J Sci Med Sport. 2018 Sep;21(9):941-949. doi: 10.1016/j.jsams.2018.01.008. Epub 2018 Jan 31.

Overload blunts baroreflex only in overreached athletes.

Author information

1
ISSUL, Institute of Sport Sciences, Faculty of Biology and Medicine, University of Lausanne, Switzerland. Electronic address: nicolas.bourdillon@unil.ch.
2
ASPG, Applied Signal Processing Group, EPFL, Ecole Polytechnique Fédérale de Lausanne, Switzerland.
3
MVT my-vitality sàrl, Switzerland.
4
ISSUL, Institute of Sport Sciences, Faculty of Biology and Medicine, University of Lausanne, Switzerland.

Abstract

OBJECTIVES:

Heart rate variability (HRV) is commonly used to diagnose overreaching and monitor athletes' responses to training.
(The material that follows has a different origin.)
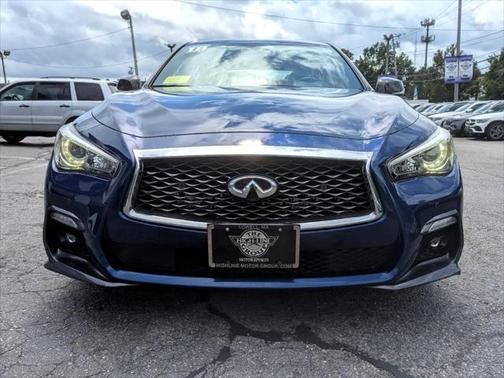 2018 INFINITI Q50 3.0t RED SPORT 400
Baroreflex sensitivity (BRS) is modified by changes in training load and might be another means to detect overreaching. The goal of this study was to assess BRS and HRV changes in two groups of athletes responding either negatively (FOR) or positively (AF) to similar training overload.

DESIGN:

Fifteen athletes performed 2-week baseline (BSL) training followed by 3-week overload (+45%; OVL) and 2-week recovery (-20%; RCV).

METHODS:

HRV, training load and subjective fatigue were measured daily via questionnaires. BRS, salivary cortisol and testosterone, and submaximal exercise and maximal 3-km run performances were measured at the end of each period.

RESULTS:

Based on their performance change during OVL, 8 athletes were diagnosed as FOR and 7 as AF. Subjective fatigue was increased in FOR athletes during OVL. BRS increased in AF but not in FOR athletes during RCV. At the end of RCV, cortisol and testosterone were higher than BSL in both groups.

CONCLUSIONS:

Three weeks of similar training overload can induce either performance enhancement or overreaching. The changes in submaximal exercise and maximal performances and in subjective fatigue were the fastest-responding parameters that distinguished the two groups of athletes during OVL. Training overload blunted the increase in BRS in FOR only. Most of the differences in BRS were observed during the recovery period. BRS appears to be a more sensitive parameter than HRV for early monitoring of responses to training.

KEYWORDS:

Baroreflex; Fatigue; Fitness; Heart rate variability; Overreaching

PMID:
29397314
DOI:
10.1016/j.jsams.2018.01.008
[Indexed for MEDLINE]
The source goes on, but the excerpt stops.